By Margot Lee Shetterly
Mexican Spanish sounded like a new language to Ochoa when she moved here: "It felt like the Tower of Babel."
Anabel Ochoa goes on the air every day at 1 pm, the lisp in her husky smoker's patter betraying her Spanish roots. After the break, she'll invite calls, from the frustrated bride, the pregnant teenager, the curious dowager. She'll address their issues with the understanding of a sister and the clinical accuracy of a gynecologist.
For now, however, she takes her time with the words. Today's meander is about the delights and displeasures of surprise. "Sorpresa...me sorprendes...from the Latin root ‘sur' and ‘prendere', meaning ‘to overtake'..."
"Mexico's Sexologist" arrived in Mexico 20 years ago, with her husband, writer Josu Iturbe, seeking a rest from her psychiatry practice and wanting to "live, dream, and write in Spanish." What a shock it was, then, to realize she didn't speak the language.
"I came here and it felt like the Tower of Babel. I felt more like a foreigner here than I'd felt in other places I'd lived, like India or Morocco. I was hearing the same words but the meaning and the emotions were completely different."
So different that Ochoa soon penned La Palabra Común, an erotic dictionary of words meaning one thing in Mexico, and something different in Spain.
Her credentials are impressive-a degree from the University of Bilbao in social psychology and sexology, a PhD in Eastern Medicine from the University of Peking at Sri Lanka--but it's clear that her exceptional communications skills, her Nabokovian love of wordplay, the thrill of teasing text from subtext and clarity from confusion have been just as important to her success in becoming the intimate voice of authority for millions of Mexican women (and men). "Since I started doing this there's been a big change in the way people talk about sex."

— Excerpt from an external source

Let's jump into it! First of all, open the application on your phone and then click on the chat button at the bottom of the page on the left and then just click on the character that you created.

Ochoa is a fierce feminist, frank about machismo, oppression and the importance of pleasure. She's penned best-selling books on sexuality and has written for virtually every newspaper and magazine in Mexico. Since 2000, she's been an actress in the Mexican version of Eve Ensler's acclaimed play "The Vagina Monologues," and in 2002 was awarded a Best Actress prize by the Asociación de Críticos Teatrales de México.

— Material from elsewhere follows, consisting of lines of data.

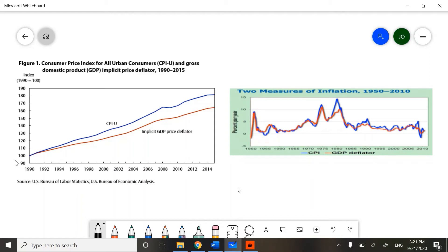Hello class. Let's talk about keeping track of prices. There are two ways that we keep track of prices in our economy. First is the Consumer Price Index, called CPI for short. And the second is the GDP Deflator Index. Both of them are valid ways to measure inflation in the U.S. economy from year to year.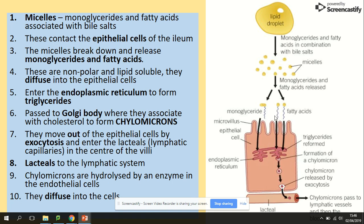In the Golgi body, they are going to associate with cholesterol, forming chylomicrons. This chylomicron is going to move out of the epithelial cell by exocytosis. The Golgi body produces Golgi vesicles, so the chylomicron will be transported out of the epithelial cell by those vesicles via exocytosis.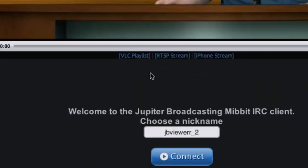If you use the RTSP link, you want to make sure you set the caching to at least 2,000 milliseconds, otherwise you'll get some stuttering. It's really transforming the network into a full-time TV station because now you don't need Flash to watch us live — you don't need anything, which is awesome.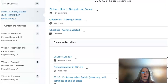So again, welcome to FS101 and good luck with your semester.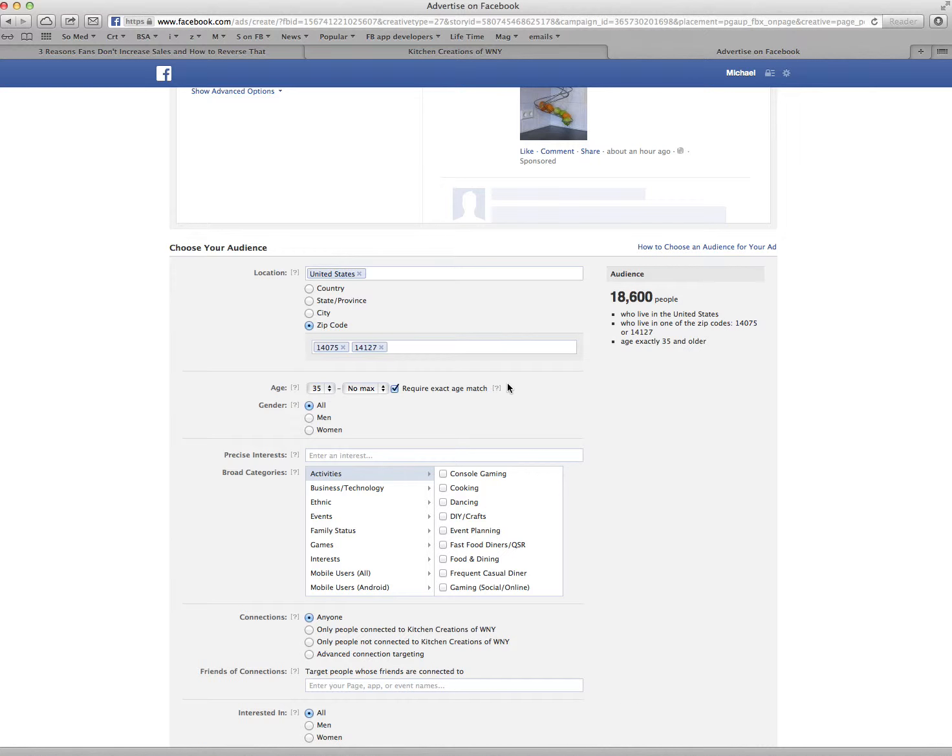So the more zip codes I put in, the more people I'm targeting that will see this ad. I will show you in a second here.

Asked if she's the reason Mexican woman have grown more open in their attitudes about sex, she says, "No, I just happened to come along at a time when Mexican woman were changing."
So, I say to her, you're a midwife of sorts?
She takes a drag on her cigarette, pauses to think.
"A comadrona? "More of a comadre, a word that exists here but not in Spain. A comadre is your best female friend, the godmother of your children, your closest confidante. She's the colaborador de la madre. It's really such a beautiful word."
Editor's note: Anabel Ochoa passed away November 19, 2008.